PIMCO’s El-Erian: How Would Market React to Trillion-Dollar Coin?

El-Erian_Mohamed5The move might shock politicians into cleaning up the fiscal mess, but the rest of the world may see it as inflationary, bond manager says

BY JOHN SULLIVAN, ADVISORONE, Jnauary 11, 2013

A once-laughable idea continues to gain traction.

PIMCO’s Mohamed El-Erian took toFortune magazine on Friday to further explain the trillion-dollar coin as a solution to the coming debt debate in Congress.

“The platinum coin option is, according to many experts, a perfectly legal way for the administration to preemptively remove the threat of another debt ceiling debacle in the next few weeks,” El-Erian begins, before briefly explaining conventional wisdom as to how it world work.

Under legal authority it already has (which is meant for decorative coins), the U.S. Treasury would issue to itself a very large platinum coin—say a single, trillion-dollar denomination, he writes. The coin would be deposited in the Treasury’s account at the Federal Reserve. Against this “credit,” the Treasury would withdraw from the central bank more conventional forms of money and use them to meet payment obligations that have already been approved by law.

“The key here is that the Treasury would raise money without borrowing. Thus, the increasingly binding debt limit would not apply; and congressional Republicans would be unable to hold the country hostage as happened just 18 months ago.”

How about the market implications, he rhetorically asks.

“I suspect that market reaction would be generally calm if the option were used as a way to diffuse what could otherwise be a repeat of the debt ceiling debacle in the summer of 2011—when political brinkmanship and bickering harmed growth, risk assets and the country’s credit rating.”

It could also encourage Congress to deal once and for all with the oddity of having to consider both annual budgets and disconnected debt limits, he adds.

“In fact, there is a reason why this dual approach is not prevalent outside our borders,” he said. “It is both redundant and harmful.”

What if the coin approach was to prove an end in itself, he asks in a follow-up question?

“Markets would worry about whether the approach would add considerable fuel to the fires of congressional discontent, dysfunction and polarization. Political risk would increase, serving to price out an even greater array of job- and growth-enhancing investments by the private sector.

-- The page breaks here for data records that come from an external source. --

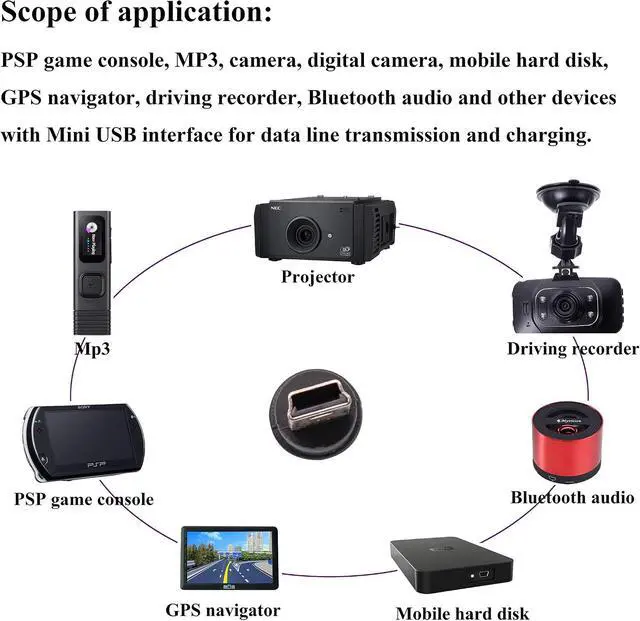 Alt view image 7 of 7 - USB Mini DC Power Adapter 2-Pack Black Mini USB 2.0 Male Jack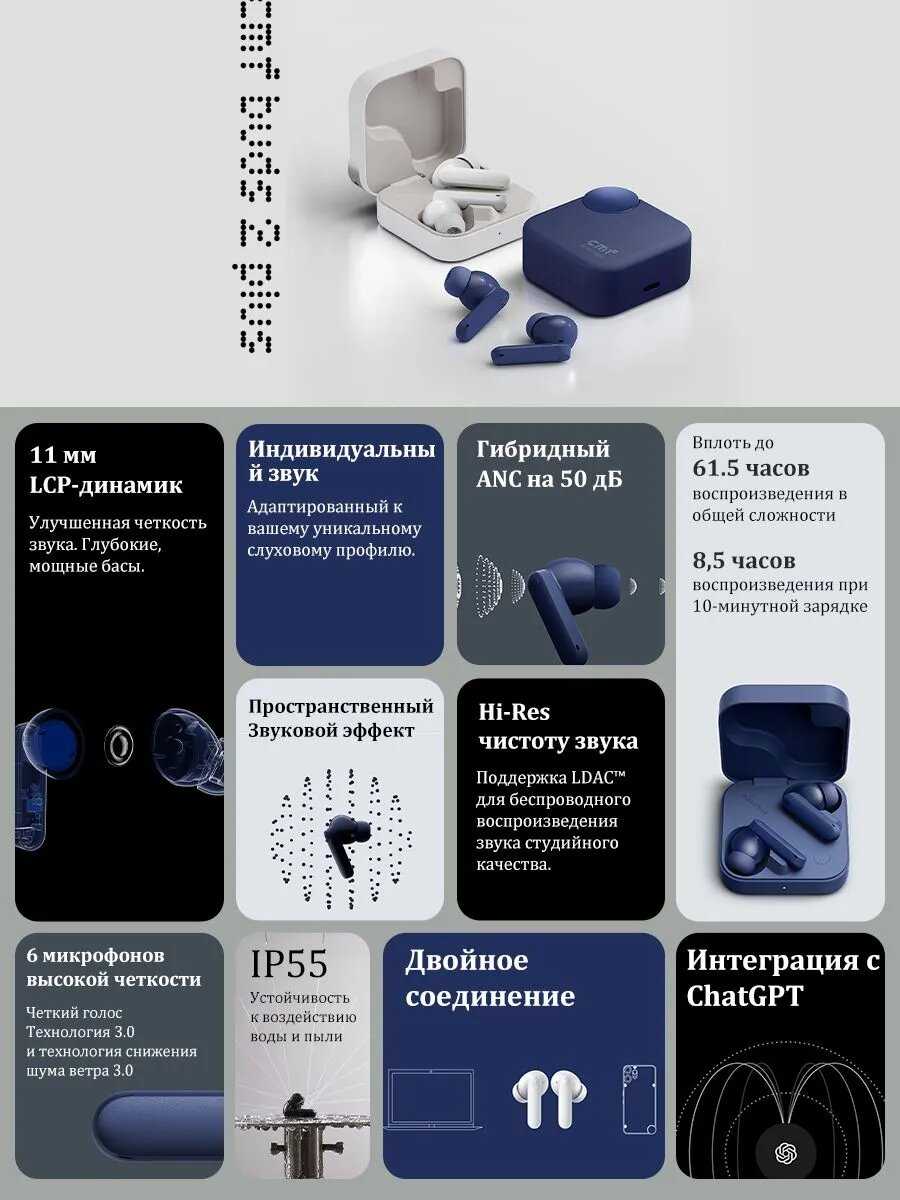 Беспроводные наушники CMF Buds 2 Plus фотография 1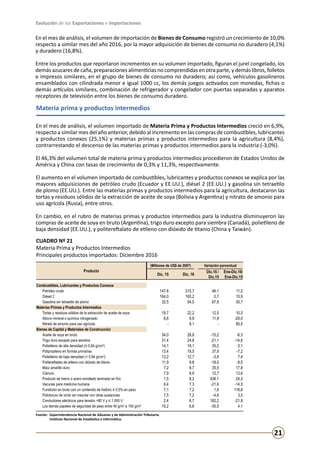 Evolución de las Exportaciones e Importaciones
21
Materia prima y productos intermedios
CUADRO Nº 21
Materia Prima y Productos Intermedios
Principales productos importados: Diciembre 2016
En el mes de análisis, el volumen importado de Materia Prima y Productos Intermedios creció en 6,9%,
respecto a similar mes del año anterior, debido al incremento en las compras de combustibles, lubricantes
y productos conexos (25,1%) y materias primas y productos intermedios para la agricultura (8,4%),
contrarrestando el descenso de las materias primas y productos intermedios para la industria (-3,0%).
El 46,3% del volumen total de materia prima y productos intermedios procedieron de Estados Unidos de
América y China con tasas de crecimiento de 0,3% y 11,3%, respectivamente.
El aumento en el volumen importado de combustibles, lubricantes y productos conexos se explica por las
mayores adquisiciones de petróleo crudo (Ecuador y EE.UU.), diésel 2 (EE.UU.) y gasolina sin tetraetilo
de plomo (EE.UU.). Entre las materias primas y productos intermedios para la agricultura, destacaron las
tortas y residuos sólidos de la extracción de aceite de soya (Bolivia y Argentina) y nitrato de amonio para
uso agrícola (Rusia), entre otros.
En cambio, en el rubro de materias primas y productos intermedios para la industria disminuyeron las
compras de aceite de soya en bruto (Argentina), trigo duro excepto para siembra (Canadá), polietileno de
baja densidad (EE.UU.), y politereftalato de etileno con dióxido de titanio (China y Taiwán).
Fuente:	 Superintendencia Nacional de Aduanas y de Administración Tributaria.
	 Instituto Nacional de Estadística e Informática.
En el mes de análisis, el volumen de importación de Bienes de Consumo registró un crecimiento de 10,0%
respecto a similar mes del año 2016, por la mayor adquisición de bienes de consumo no duradero (4,1%)
y duradero (16,8%).
Entre los productos que reportaron incrementos en su volumen importado, figuran el jurel congelado, los
demás azucares de caña, preparaciones alimenticias no comprendidas en otra parte, y demás libros, folletos
e impresos similares, en el grupo de bienes de consumo no duradero; así como, vehículos gasolineros
ensamblados con cilindrada menor e igual 1000 cc, los demás juegos activados con monedas, fichas o
demás artículos similares, combinación de refrigerador y congelador con puertas separadas y aparatos
receptores de televisión entre los bienes de consumo duradero.
Producto
(Millones de US$ de 2007) Variación porcentual
Dic. 15 Dic. 16
Dic.16 /
Dic.15
Ene-Dic.16/
Ene-Dic.15
Combustibles, Lubricantes y Productos Conexos
Petróleo crudo 147,6 215,7 46,1 11,2
Diésel 2 164,0 165,2 0,7 15,9
Gasolina sin tetraetilo de plomo 32,5 54,5 67,9 30,7
Materias Primas y Productos Intermedios
Tortas y residuos sólidos de la extracción de aceite de soya 19,7 22,2 12,5 10,3
Abono mineral o químico nitrogenado 8,8 9,9 11,8 -29,0
Nitrato de amonio para uso agrícola - 8,1 - 85,5
Bienes de Capital y Materiales de Construcción
Aceite de soya en bruto 34,0 28,8 -15,2 -6,3
Trigo duro excepto para siembra 31,4 24,8 -21,1 -14,6
Polietileno de alta densidad (≥ 0,94 g/cm3
) 14,1 19,1 35,2 0,1
Polipropileno en formas primarias 13,4 18,5 37,9 -7,2
Polietileno de baja densidad (< 0,94 g/cm3
) 13,2 12,7 -3,8 7,4
Politereftalato de etileno con dióxido de titanio 11,9 9,8 -18,0 -8,5
Maíz amarillo duro 7,2 9,7 35,5 17,8
Cianuro 7,9 8,9 12,7 13,6
Producto de hierro o acero enrollado laminado en frío 1,5 8,2 438,1 24,3
Vacunas para medicina humana 9,4 7,3 -21,6 -14,5
Fundición en bruto con un contenido de fosforo ≤ 0,5% en peso 7,1 7,2 1,6 118,6
Policloruro de vinilo sin mezclar con otras sustancias 7,5 7,2 -4,6 3,5
Conductores eléctricos para tensión >80 V y ≤ 1 000 V 2,4 6,7 182,2 -21,8
Los demás papeles de seguridad de peso entre 40 g/m2
a 150 g/m2
10,2 6,6 -35,5 4,1
 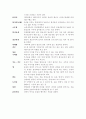 곤충의 특징 15페이지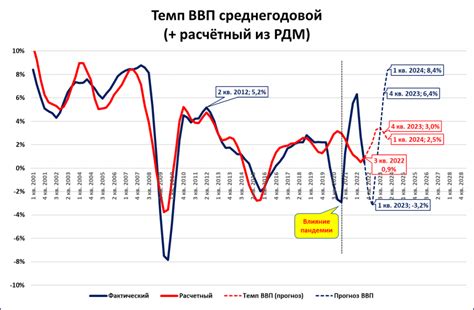 Уточняем прогноз ВВП: +6,4% в 2023 году
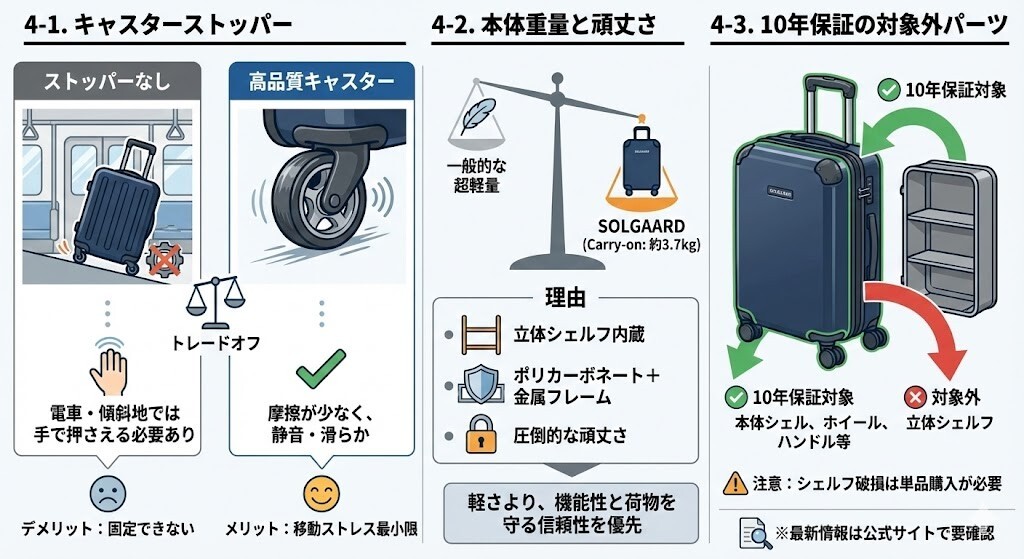 購入前に知っておきたい!SOLGAARDのデメリットと注意点 図解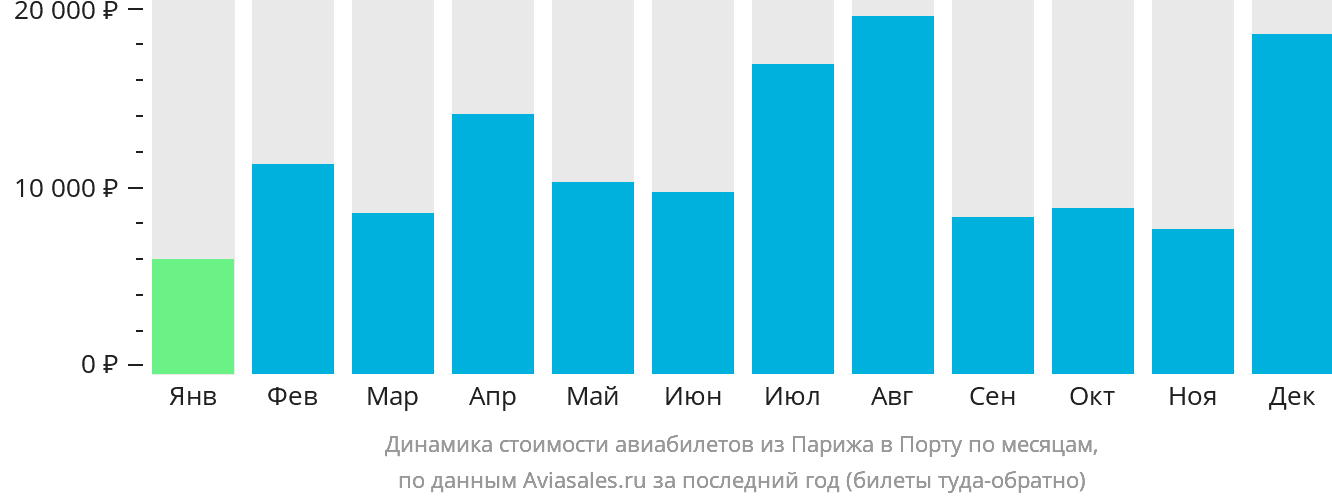 Динамика стоимости авиабилетов из Парижа в Порту по месяцам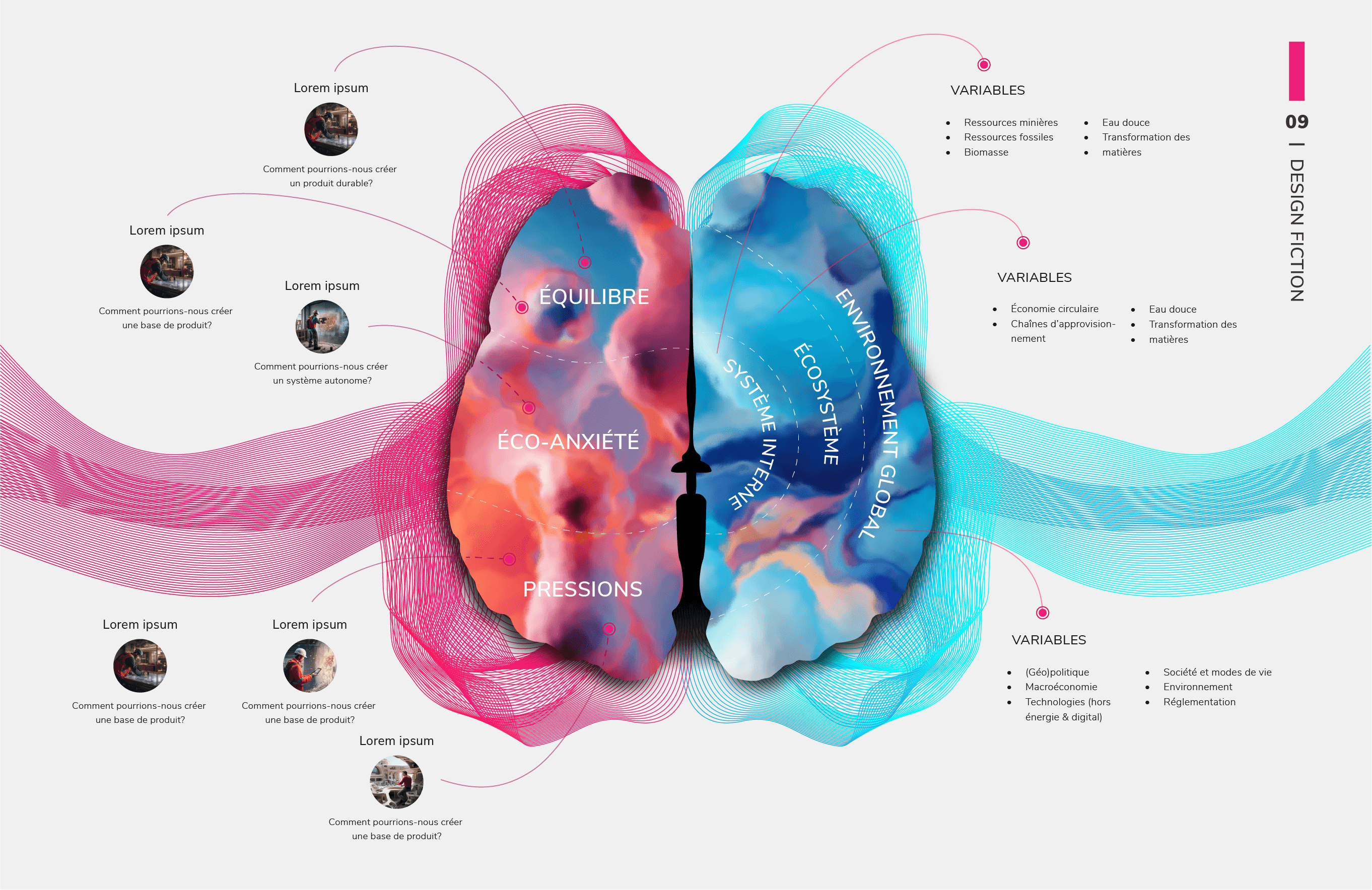 Brain Data visualization design made in illustrator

“It was not so long ago that sensible people would have deemed a platinum coin option as a laughable nonstarter,” he wrote. “The fact that it is being now discussed so widely speaks loudly to the mess Congress has gotten itself (and the country) in.”

“The best way forward for everyone is for Congress to change the way it is currently handling its important economic responsibilities. Should this fail to occur, options such as the platinum coin will garner lots of attention in the months and years ahead.

“It would be a loss for all, domestically and around the world, if the unthinkable becomes the only operational approach for the U.S. In the process, congressional approval ratings would also dip below 10%, raising uncomfortable questions about the current state of our representative democracy.”